According to a report Online First by Archives of Pediatrics & Adolescent Medicine, babies who are born to mothers with diabetes during their pregnancy and/or living in low income households, have a higher risk of subsequently developing ADHD during childhood.
The authors stated:
“Gestational diabetes mellitus (GDM) typically develops in the second and third trimesters and is defined as glucose intolerance with onset or first recognition during pregnancy. The prevalence of GDM has been rising for over 20 years, particularly among ethnic minorities and individuals with low socioeconomic status (SES), as have lifestyle changes that heighten risk including greater consumption of saturated fats, sugar, and processed foods, and sedentary working environments.”

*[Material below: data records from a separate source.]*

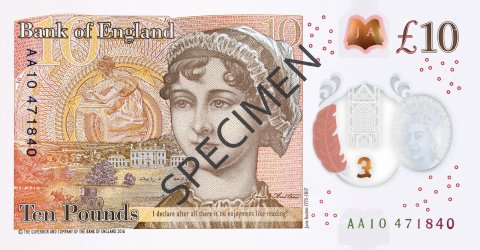 Nowy Banknot 10 Funtów Szterlingów Brytyjskich - Polimer Tył (£10)(10 pound note polymer back)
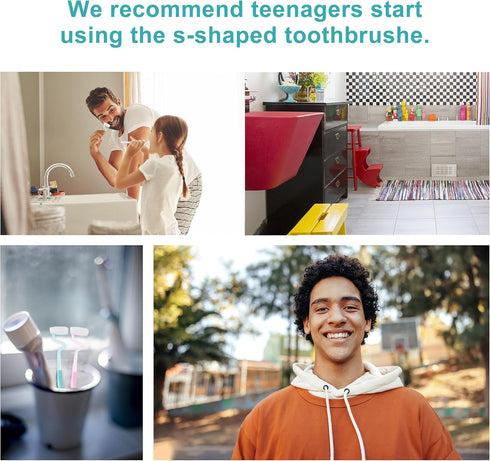 Soft S-Shaped Manual Toothbrush for Adults Sensitive Gums,Nano Floss Bristles Vertical Tooth Brushes with Candy Color Deep Clean for Junior Youth ...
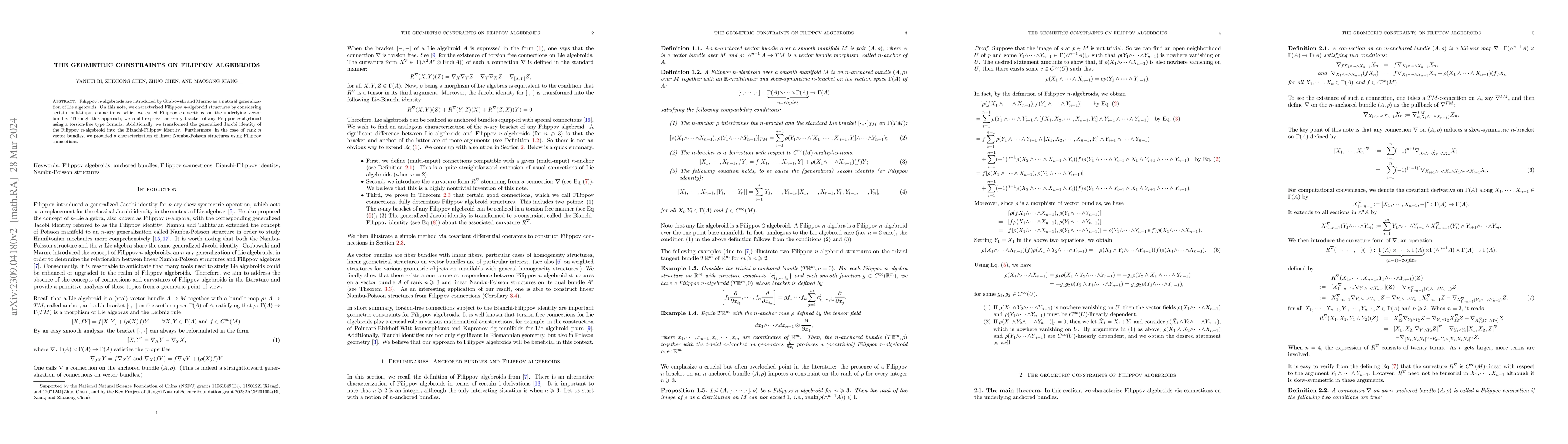 Thumbnail for The geometric constraints on Filippov algebroids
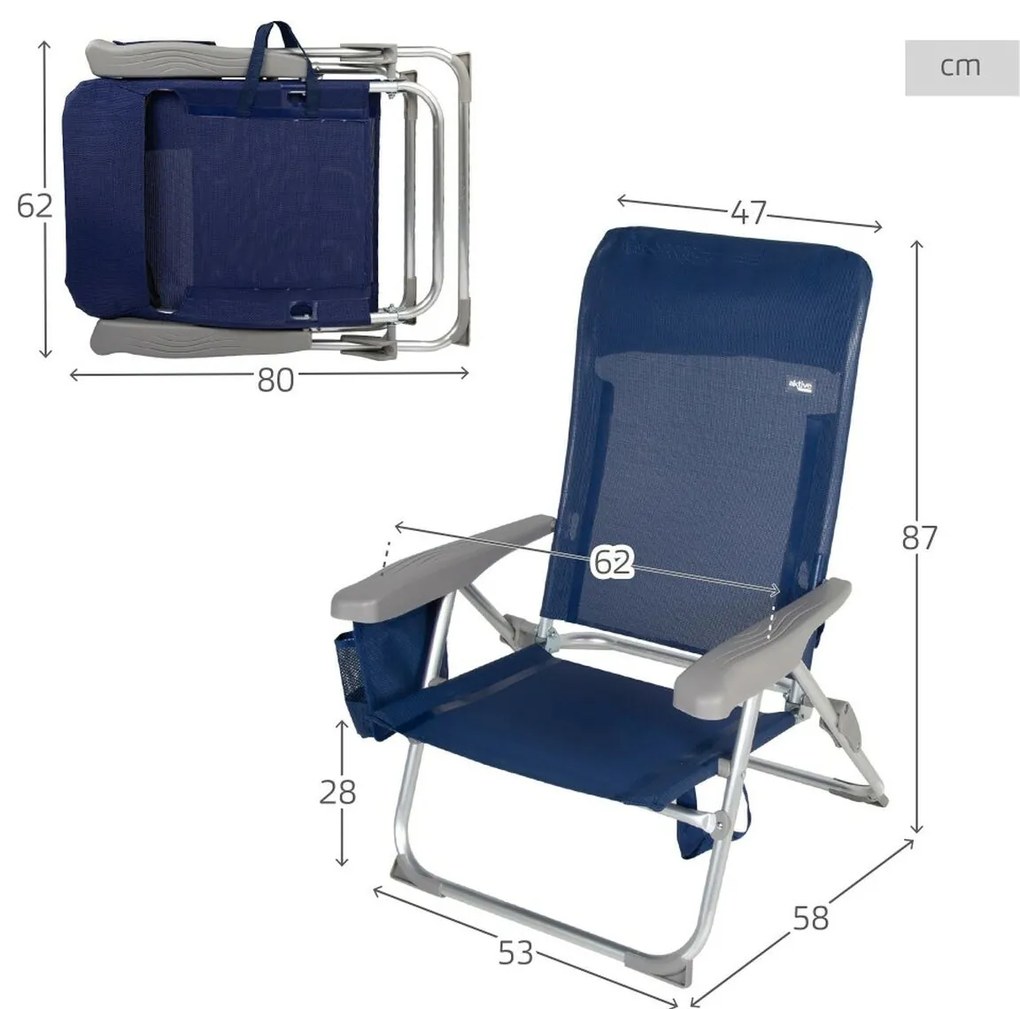 Καρέκλα στην παραλία Aktive Slim Εύκαμπτο Ναυτικό Μπλε 47 x 87 x 58 cm (x2)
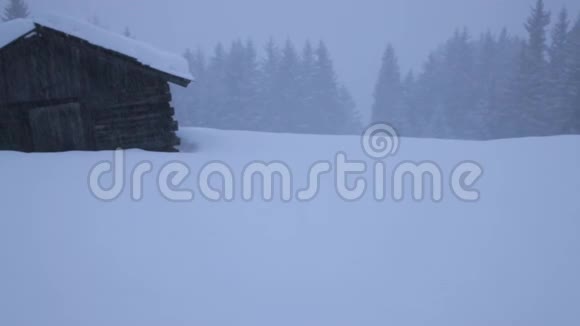 冬天天气恶劣山上降雪景色宜人视频的预览图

Yoko Nomura, M.D., Ph.D, of Queens College, and team set out to determine whether there might be a connection between gestational diabetes mellitus (GDM) and low income environments, with attention deficit hyperactivity disorder (ADHD). They compared babies born to mothers with and without GDM and of all social classes.
According to an online communiqué issued by the journal:
“The researchers distributed the ADHD Rating Scale-IV to parents of 3- and 4-year-old children in preschools surrounding Queens College, and recruited 212 participant at a 2:1 ratio of “at risk” to “typically developing” children. At-risk children had at least six inattention or six hyperactive and impulsive symptoms as rate by parents, teachers, or both. “Typically developing” children had fewer than three symptoms in each domain. “
The overall score for children born to mothers with GDM was notably higher than for the other kids. However, the hyperactivity scores between the two groups of children were fairly similar. Children in low income families in comparison with high income ones had displayed signs of more inattention and hyperactivity. At the beginning of the study, findings showed no difference. However, by the time those who had been born to mothers with GDM were six years old, their chances of developing ADHD were double that of the other children.
The authors reported that children whose mothers had GDM and came from low income families..:
- Tended to have lower IQs
- Had more communication problems
- Had more emotional difficulties
- Had more behavioral problems
These children – born to GDM mothers, plus from poorer households – were14 times as likely to receive an ADHD diagnosis than any of the other children, including those with just one factor, such as either having GDM mothers, or being from a poorer household.
The researchers concluded:
“This study demonstrates that children of mothers with GDM raised in lower SES households are at far greater risk for developing ADHD and showing signs of suboptimal neurocognitive and behavioral development. Since ADHD is a disorder with high heritability, efforts to prevent exposure to environmental risks through patient education may help to reduce the nongenetic modifiable risk for ADHD and other developmental problems.”
Joel Nigg, Ph.D., of Oregon Health and Science University, Portland, said:
“In the current issue of the Archives we see additional evidence, in a retrospective design, that early developmental events are related to subsequent attention-deficit/hyperactivity disorder (ADHD) in children.
Most of the relevant environmental risks are presumed to occur very early in development,” continues Dr. Nigg. “If causal, and if able to be understood pathophysiologically, such environmental effects on ADHD are of ‘game-changing’ importance because they open the door to eventually preventing that portion of cases of ADHD caused by early insult to the nervous system.
If a specific environmental causal influence can be demonstrated, even if effective in a subset of children, and its biological mechanisms elucidated, then a powerful model will be created for how ADHD can develop,” Dr. Nigg concludes. “That discovery will be a crucial stepping-stone toward parsing multiple causal routes to what may be a final common pathway of the ADHD phenotype.”